When faced with an expression such as \((ab)^3\), you're dealing with the Power of a Product Rule. This rule states that when you raise a product to a power, you can independently apply that power to each factor of the product. Think of it as distributing the power to each element inside the parentheses. This means:

• \((ab)^3 = a^3 \cdot b^3\).

The idea behind this is very simple: You are multiplying the base (which is now two numbers multiplied together) by itself as many times as indicated by the exponent.
It helps break down more complex expressions into simpler, manageable factors.
So, whenever you see a product of numbers or variables in parentheses raised to a power, remember that this rule will come in handy.Use it to simplify expressions as you build towards the final desired form.

Negative exponents can be a little tricky at first, but they have a clear and useful rule.A negative exponent means you should take the reciprocal of the base and then apply the positive exponent.In simpler terms:

• \(x^{-n} = \frac{1}{x^n}\)

This rule helps in simplifying expressions and converting negative exponents to positive, which is often required.Let's use the denominator from the original exercise, \(b^{-4}\).
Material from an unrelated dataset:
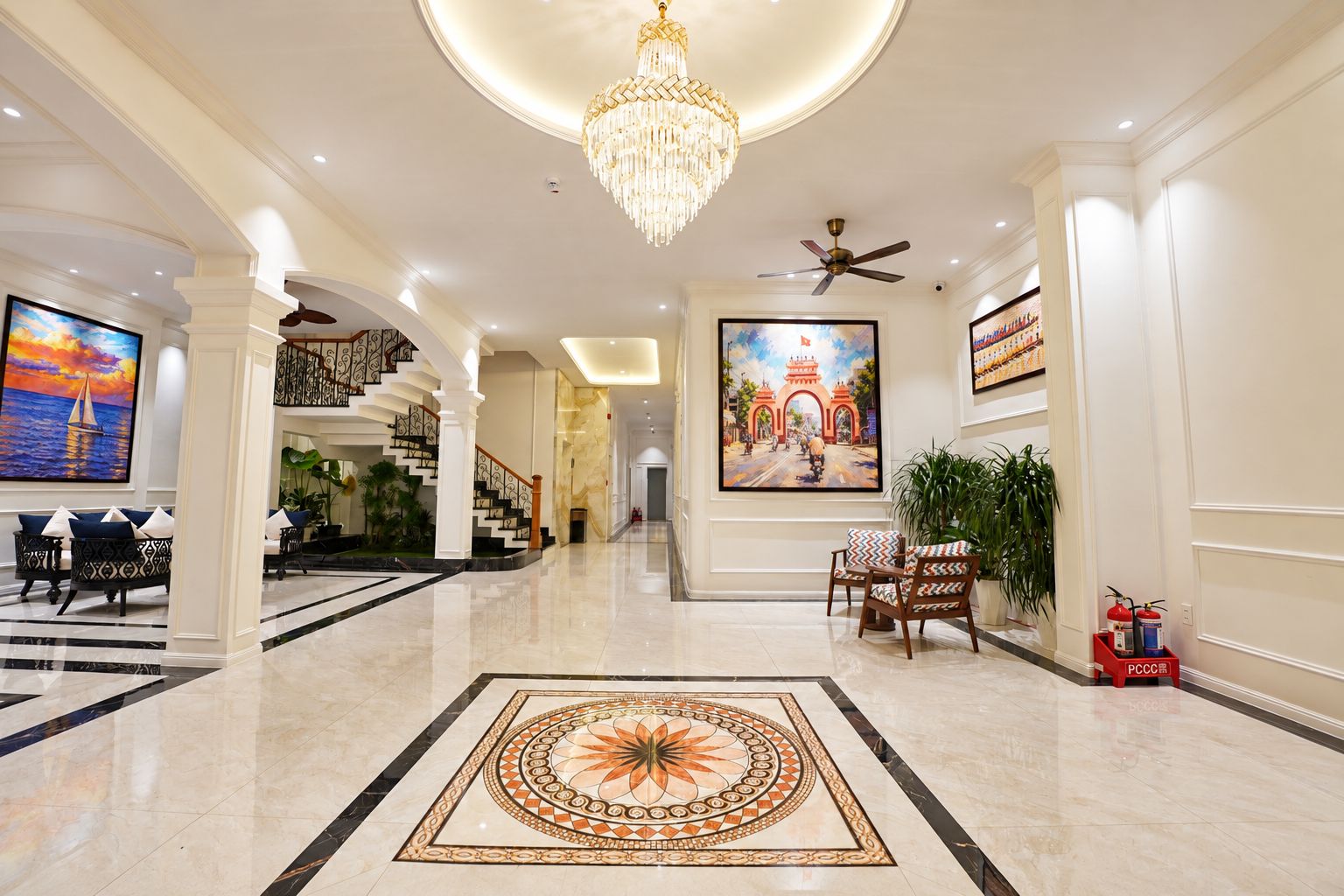 A hotel lobby with a grand chandelier, a large painting of a cityscape, a fire extinguisher, and a modern staircase.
By applying the rule for negative exponents, you convert it to:

• \(b^{-4} = \frac{1}{b^4}\)

This conversion not only simplifies expressions but also helps when combining other terms in divisions or products.
Over time, understanding and applying the rule for negative exponents will become second nature, allowing for more efficient problem resolution.

When dividing terms with the same base raised to exponents, there's a neat rule that makes simplification straightforward:

• \(\frac{x^m}{x^n} = x^{m-n}\)

This rule states that you subtract the exponent of the denominator from the exponent of the numerator.
For example, consider \(\frac{a^3}{a^4}\).Here, both 'a's are bases, and you're dividing the terms, leading to a subtraction of exponents:

• \(a^{3-4} = a^{-1}\)

Similarly, if you multiply terms with the same base, you add the exponents.In the original problem, combining \(b^3 \cdot b^4\) results in:

• \(b^{3+4} = b^7\)

These rules allow us to cleanly handle expressions and exponents, funneling them into simpler terms.Mastering these techniques is key to algebra efficiency, making complex divisions and multiplications easy to navigate.